Licenciou-se em História (1981) e é mestre em História Medieval (1988).Foi Director Científico do Museu do Pão.
Publicou os romances “Anno Domini 1348”
(Edição C. M. S., 1990; Prémio Literário Ferreira de Castro 1989;
finalista do Prémio Jean Monnet de Literatura Europeia, Cognac 2004 e
finalista do Prémio Amphi de literatura Europeia Lille 2005), “As Horas de Monsaraz” (Campo das Letras, 1997), “El-Rei-Pastor” (Campo das Letras, 2000), “Os Rios da Babilónia” (Campo das Letras, 2003), “Retrato de S. Jerónimo no seu Estúdio” (Campo das Letras, 2006), entre outros, sendo a sua obra mais recente “O Destino do Capitão Blanc”(Planeta,2009,
Alguns
dos seus romances estão traduzidos e publicados em França e Espanha. É
ainda autor de vários livros de investigação histórica e literatura
juvenil.
ALAGAMARES(A)-O
Sérgio Luís Carvalho tem um traço comum na maior parte da sua obra, que
é a temática histórica. Fá-lo na preocupação de exactidão narrativa ou
como mero pano de fundo das tramas?
SÉRGIO
LUÍS CARVALHO(SLC)-Não consigo separar uma coisa da outra. Para mim,
mais que uma questão de estilo ou método, é uma questão de seriedade. Se
uso uma época como pano de fundo de um romance e se assumo as suas
personalidades históricas como minhas personagens (ou mesmo que as
inventasse) tenho de manter o rigor factual e a exactidão narrativa. Não
posso colocar D. Dinis a comer batatas ou D.Fuas Roupinho a falar em
“minutos”.
E
se proceder a alterações de monta no rigor e na exactidão para fins
narrativos -coisa que posso fazer em nome da liberdade criativa - acho
que devo revelar, em nota final, o que é verdade e o que é ficção.
Parece-me que outra coisa poderia ser batota. Ou seja, se eu
“falsificar” a história, tem de estar implícito nas regras do jogo
narrativo que eu “falsifiquei”.
A-O
período histórico em que se especializou é o da época medieval.
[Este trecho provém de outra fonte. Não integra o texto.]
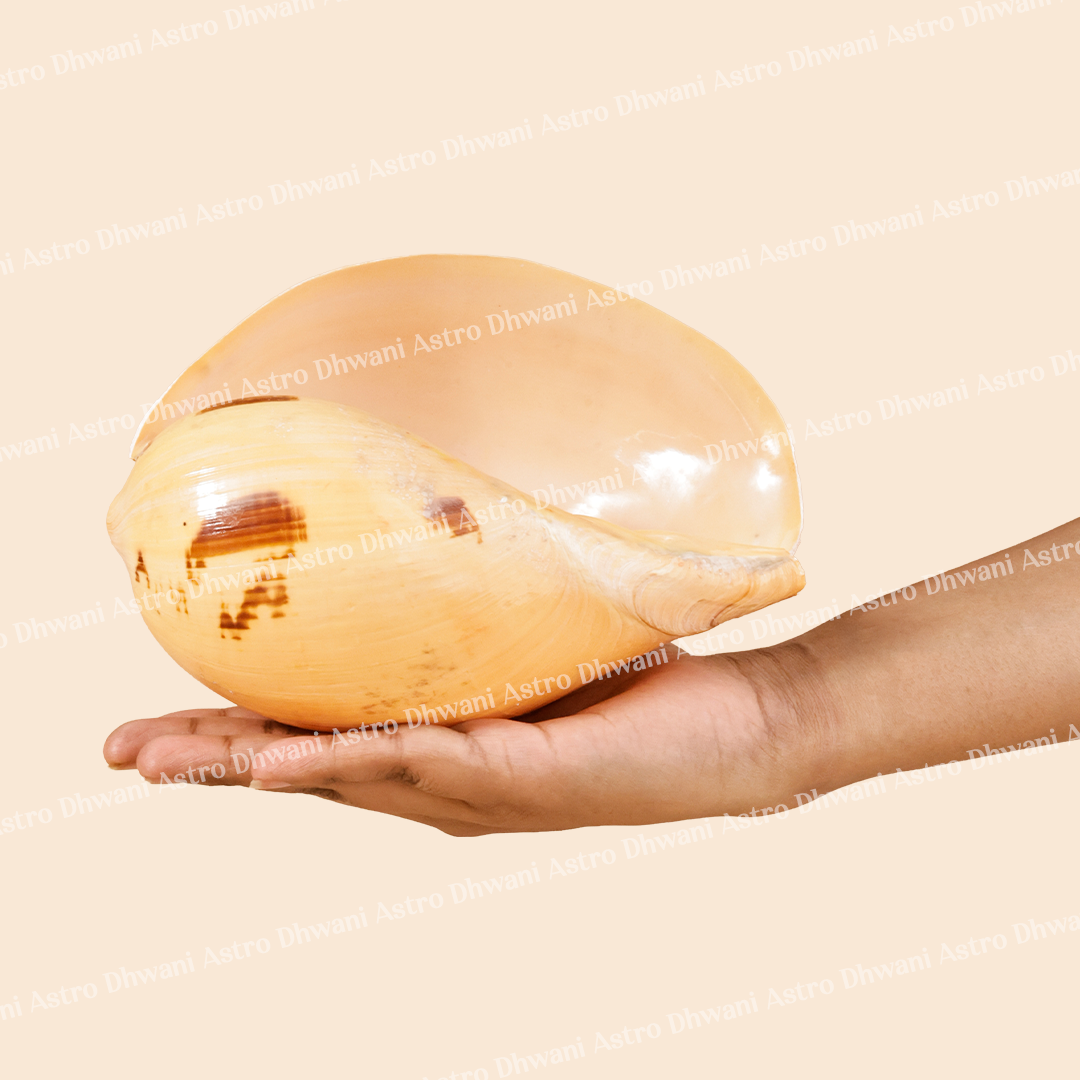 Hand holding a large cowrie shell against a beige background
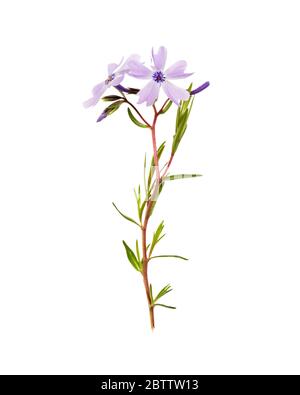 Ein Zweig schleichende Phlox (Phlox subulata) auf weißem Hintergrund Stockfoto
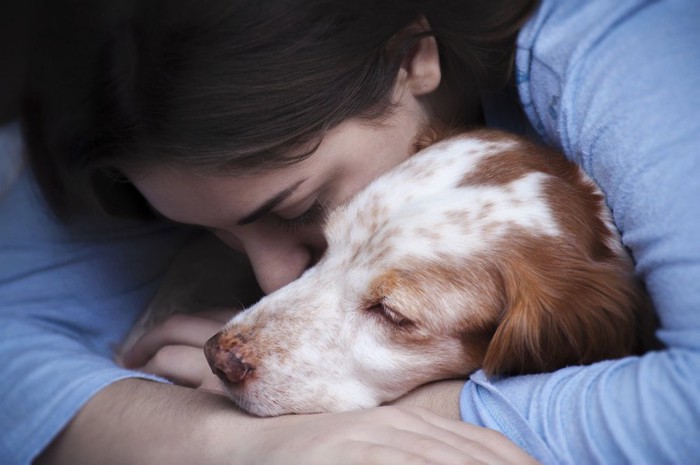 女性に抱きしめられる犬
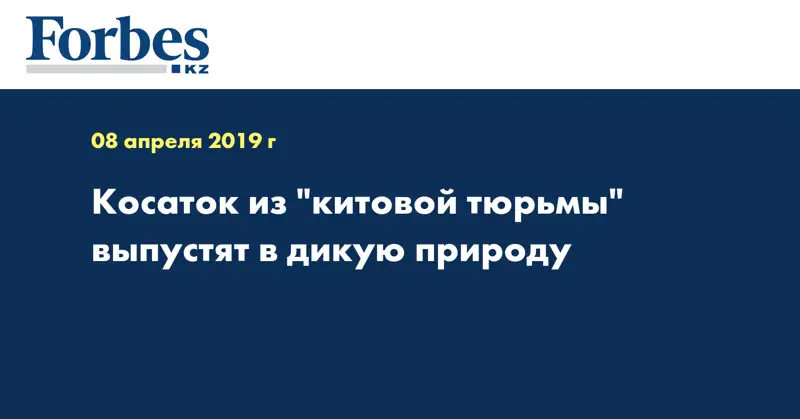 Косаток из 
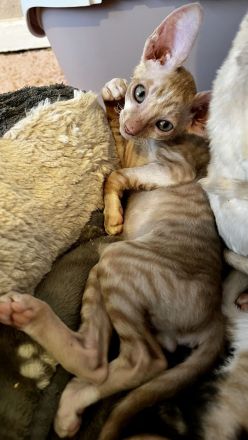 Cornish Rex vom Hohen Fläming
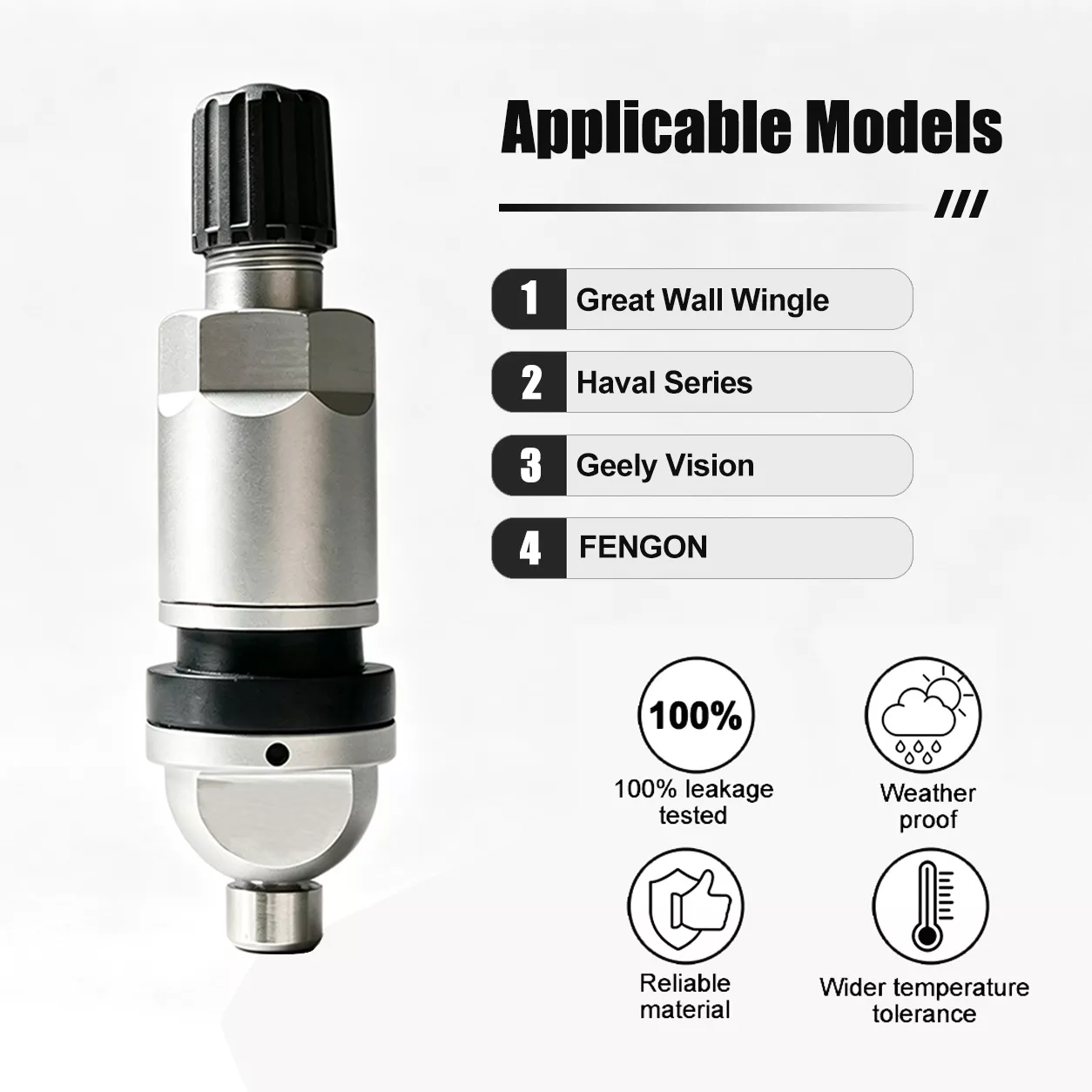 TPMS Valve 13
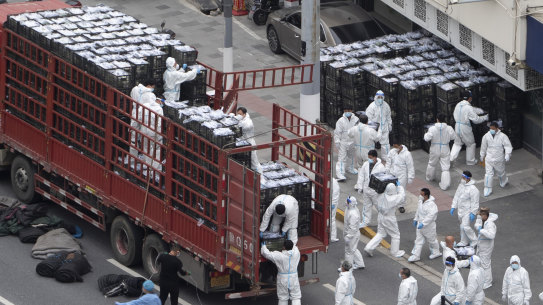 Workers in PPE unload groceries to distribute to residents under lockdown in Shanghai on Tuesday.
Acha
que é justo considerar do ponto de vista cultural esse tempo histórico
como “a era das trevas”?
SLC-Creio
sinceramente que é uma injustiça histórica. Época difícil, sim. Época
pobre, decerto. Mas época das trevas é um erro. Sabem como surgiu o
termo Idade Média? Quando os renascentistas se quiseram afirmar,
retomando a herança clássica, forjaram o termo para designar a época que
os precedeu, como se entre Grécia/Roma e o Renascimento nada houvesse
digno de registo. O período entre os século V e XV estava no “Meio”.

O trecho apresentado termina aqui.